A first pass affordability and outcome read for Clinton, using national average inputs. Run your own numbers for a personalized score.

Worth-It Score

42/100

Heavy lift

Clinton lands in the heavy lift band for a typical family. The combination of $11,458 in yearly net price and $28,987 in median debt asks a lot relative to median earnings of $30,180. This does not make the school wrong for every student, but it does mean the price deserves a closer test.

Score breakdown

The public version of the score weighs affordability, after graduation outcomes, and repayment burden.

Affordability

40% weight

74/100

The yearly net price sits in a range that leaves more room for family cash flow and lower borrowing.

Outcome

40% weight

0/100

The outcome data does not create enough margin to fully offset the cost.

Repayment

20% weight

63/100

Repayment looks feasible, but not roomy.

The numbers behind the score

Median net price per year

$11,458

Median earnings 10 years out

$30,180

Median debt at graduation

$28,987

Graduation rate

13%

At Clinton, a typical graduate carries about $28,987 in student debt and earns roughly $30,180 ten years after enrolling.
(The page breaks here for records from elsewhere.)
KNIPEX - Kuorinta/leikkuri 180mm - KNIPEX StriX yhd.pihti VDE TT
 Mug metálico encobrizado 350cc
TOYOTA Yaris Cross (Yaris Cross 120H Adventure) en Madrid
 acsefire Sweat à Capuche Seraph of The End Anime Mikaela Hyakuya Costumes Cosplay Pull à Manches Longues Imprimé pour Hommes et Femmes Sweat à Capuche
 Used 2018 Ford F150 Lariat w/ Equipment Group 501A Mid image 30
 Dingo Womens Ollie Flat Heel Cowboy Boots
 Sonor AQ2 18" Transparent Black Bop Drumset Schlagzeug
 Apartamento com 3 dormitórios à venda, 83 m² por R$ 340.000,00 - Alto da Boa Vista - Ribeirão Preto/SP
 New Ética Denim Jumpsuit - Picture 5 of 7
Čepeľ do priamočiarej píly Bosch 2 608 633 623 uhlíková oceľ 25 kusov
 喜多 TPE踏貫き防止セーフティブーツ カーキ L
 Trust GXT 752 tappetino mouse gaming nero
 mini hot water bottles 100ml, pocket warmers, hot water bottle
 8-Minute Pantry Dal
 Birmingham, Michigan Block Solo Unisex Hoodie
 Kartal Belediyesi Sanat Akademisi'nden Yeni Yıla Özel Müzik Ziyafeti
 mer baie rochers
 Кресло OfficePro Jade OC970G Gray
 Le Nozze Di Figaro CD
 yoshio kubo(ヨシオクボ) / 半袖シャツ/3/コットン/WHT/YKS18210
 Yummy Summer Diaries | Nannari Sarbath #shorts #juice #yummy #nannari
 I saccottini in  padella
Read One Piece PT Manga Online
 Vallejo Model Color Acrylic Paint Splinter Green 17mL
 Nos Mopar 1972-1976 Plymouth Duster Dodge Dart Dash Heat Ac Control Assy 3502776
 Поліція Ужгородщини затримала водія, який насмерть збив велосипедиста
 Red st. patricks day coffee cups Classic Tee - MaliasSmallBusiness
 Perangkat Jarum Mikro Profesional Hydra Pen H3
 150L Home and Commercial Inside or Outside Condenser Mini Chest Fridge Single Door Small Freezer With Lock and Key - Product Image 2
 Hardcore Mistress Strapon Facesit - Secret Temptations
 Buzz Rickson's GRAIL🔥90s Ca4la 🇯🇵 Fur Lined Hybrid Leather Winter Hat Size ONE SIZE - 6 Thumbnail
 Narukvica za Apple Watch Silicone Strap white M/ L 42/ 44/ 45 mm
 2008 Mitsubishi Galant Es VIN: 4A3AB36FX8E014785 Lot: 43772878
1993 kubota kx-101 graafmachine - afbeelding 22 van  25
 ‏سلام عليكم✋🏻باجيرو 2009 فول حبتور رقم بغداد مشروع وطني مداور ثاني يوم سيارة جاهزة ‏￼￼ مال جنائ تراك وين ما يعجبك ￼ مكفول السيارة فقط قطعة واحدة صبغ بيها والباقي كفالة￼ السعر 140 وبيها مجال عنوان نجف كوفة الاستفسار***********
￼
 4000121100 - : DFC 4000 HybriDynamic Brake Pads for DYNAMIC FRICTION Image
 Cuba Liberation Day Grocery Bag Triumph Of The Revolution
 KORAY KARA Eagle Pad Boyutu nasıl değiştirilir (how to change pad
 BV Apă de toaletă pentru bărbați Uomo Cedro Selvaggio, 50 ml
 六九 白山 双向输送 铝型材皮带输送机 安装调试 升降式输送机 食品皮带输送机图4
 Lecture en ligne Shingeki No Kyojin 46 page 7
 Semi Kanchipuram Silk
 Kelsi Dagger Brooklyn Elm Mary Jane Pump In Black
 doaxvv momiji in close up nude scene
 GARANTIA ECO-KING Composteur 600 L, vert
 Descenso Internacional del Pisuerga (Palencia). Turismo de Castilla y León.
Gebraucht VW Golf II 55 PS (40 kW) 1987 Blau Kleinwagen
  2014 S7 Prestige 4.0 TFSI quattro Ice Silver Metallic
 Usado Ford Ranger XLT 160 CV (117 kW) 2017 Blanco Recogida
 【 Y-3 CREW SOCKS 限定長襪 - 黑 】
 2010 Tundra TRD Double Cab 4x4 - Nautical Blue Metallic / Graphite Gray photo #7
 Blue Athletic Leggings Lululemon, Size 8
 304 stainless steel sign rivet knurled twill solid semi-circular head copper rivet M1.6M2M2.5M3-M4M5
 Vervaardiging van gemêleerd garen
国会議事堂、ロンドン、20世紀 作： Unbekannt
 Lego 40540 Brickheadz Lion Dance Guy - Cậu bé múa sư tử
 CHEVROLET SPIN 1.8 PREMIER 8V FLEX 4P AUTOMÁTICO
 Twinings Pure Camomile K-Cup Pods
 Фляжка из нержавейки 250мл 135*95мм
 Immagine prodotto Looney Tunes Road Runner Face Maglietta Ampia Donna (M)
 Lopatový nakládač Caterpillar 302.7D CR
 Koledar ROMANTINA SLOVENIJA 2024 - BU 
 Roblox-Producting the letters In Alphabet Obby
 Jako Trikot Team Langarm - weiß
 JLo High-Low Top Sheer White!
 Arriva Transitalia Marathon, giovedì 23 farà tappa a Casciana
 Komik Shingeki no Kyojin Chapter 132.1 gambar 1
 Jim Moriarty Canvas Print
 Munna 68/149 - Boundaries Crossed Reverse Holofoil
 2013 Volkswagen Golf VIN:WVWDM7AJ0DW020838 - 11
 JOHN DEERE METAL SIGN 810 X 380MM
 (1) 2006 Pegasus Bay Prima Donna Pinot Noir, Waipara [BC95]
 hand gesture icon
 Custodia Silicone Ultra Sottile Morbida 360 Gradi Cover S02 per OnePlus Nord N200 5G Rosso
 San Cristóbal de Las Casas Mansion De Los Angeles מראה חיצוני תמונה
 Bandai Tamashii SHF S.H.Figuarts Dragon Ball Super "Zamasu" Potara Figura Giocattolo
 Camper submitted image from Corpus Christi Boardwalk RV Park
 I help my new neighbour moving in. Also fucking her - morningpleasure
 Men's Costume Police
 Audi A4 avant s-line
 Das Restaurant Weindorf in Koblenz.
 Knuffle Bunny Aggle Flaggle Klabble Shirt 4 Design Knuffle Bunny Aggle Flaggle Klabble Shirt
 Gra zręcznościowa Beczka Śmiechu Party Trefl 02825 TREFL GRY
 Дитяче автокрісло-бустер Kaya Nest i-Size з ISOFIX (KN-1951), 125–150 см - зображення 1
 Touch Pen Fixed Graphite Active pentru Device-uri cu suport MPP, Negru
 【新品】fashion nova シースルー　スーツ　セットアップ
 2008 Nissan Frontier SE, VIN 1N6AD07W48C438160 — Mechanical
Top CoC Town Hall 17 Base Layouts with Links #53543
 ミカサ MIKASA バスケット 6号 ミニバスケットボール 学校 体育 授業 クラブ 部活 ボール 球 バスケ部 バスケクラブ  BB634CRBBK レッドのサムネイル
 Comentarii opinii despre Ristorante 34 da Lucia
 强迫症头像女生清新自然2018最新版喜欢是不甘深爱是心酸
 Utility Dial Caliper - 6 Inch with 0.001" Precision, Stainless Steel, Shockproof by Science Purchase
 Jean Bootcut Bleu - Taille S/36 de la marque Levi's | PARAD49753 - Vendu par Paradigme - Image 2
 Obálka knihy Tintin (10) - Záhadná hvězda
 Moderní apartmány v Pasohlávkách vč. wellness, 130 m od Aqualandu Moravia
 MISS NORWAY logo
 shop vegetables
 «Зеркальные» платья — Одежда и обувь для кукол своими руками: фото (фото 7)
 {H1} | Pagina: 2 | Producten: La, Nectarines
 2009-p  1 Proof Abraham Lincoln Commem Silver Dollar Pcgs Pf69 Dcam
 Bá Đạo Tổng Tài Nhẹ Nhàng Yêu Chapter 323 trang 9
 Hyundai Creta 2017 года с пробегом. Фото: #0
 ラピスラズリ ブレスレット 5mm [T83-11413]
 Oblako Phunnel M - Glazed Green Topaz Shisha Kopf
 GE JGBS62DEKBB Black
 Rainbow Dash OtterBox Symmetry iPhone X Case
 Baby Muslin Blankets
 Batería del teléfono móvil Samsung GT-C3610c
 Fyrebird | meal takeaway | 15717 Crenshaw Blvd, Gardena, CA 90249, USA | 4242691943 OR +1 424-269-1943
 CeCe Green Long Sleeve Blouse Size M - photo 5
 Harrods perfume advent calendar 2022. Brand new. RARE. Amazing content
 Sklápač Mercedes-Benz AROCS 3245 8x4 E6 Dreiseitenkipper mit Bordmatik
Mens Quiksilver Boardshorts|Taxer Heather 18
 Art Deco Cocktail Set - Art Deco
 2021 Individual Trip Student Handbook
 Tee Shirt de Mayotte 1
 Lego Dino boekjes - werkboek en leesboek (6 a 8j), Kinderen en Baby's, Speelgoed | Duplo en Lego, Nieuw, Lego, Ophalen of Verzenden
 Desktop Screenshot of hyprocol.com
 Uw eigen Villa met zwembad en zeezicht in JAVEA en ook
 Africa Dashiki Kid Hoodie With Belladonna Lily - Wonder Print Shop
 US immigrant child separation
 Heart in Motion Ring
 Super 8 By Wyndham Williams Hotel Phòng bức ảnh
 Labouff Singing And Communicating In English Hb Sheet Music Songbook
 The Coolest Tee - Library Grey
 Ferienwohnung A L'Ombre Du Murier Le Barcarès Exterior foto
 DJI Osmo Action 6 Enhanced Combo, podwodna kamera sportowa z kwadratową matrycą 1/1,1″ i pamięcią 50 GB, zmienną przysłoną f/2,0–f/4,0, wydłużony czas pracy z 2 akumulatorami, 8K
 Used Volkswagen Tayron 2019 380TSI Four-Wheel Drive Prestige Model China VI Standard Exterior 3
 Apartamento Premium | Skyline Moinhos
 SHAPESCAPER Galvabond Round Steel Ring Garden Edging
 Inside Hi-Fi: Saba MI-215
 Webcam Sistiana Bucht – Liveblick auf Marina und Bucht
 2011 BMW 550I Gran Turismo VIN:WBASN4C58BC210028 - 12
On a standard 10-year repayment plan, that works out to about $330 per month, or 13% of pre-tax income. That sits at the tighter end of a workable borrower range.

What this means for your family

Clinton is a private nonprofit four year school in Rock Hill, SC. Private pricing can swing more dramatically based on aid, so your personalized score matters more here than the national average view alone.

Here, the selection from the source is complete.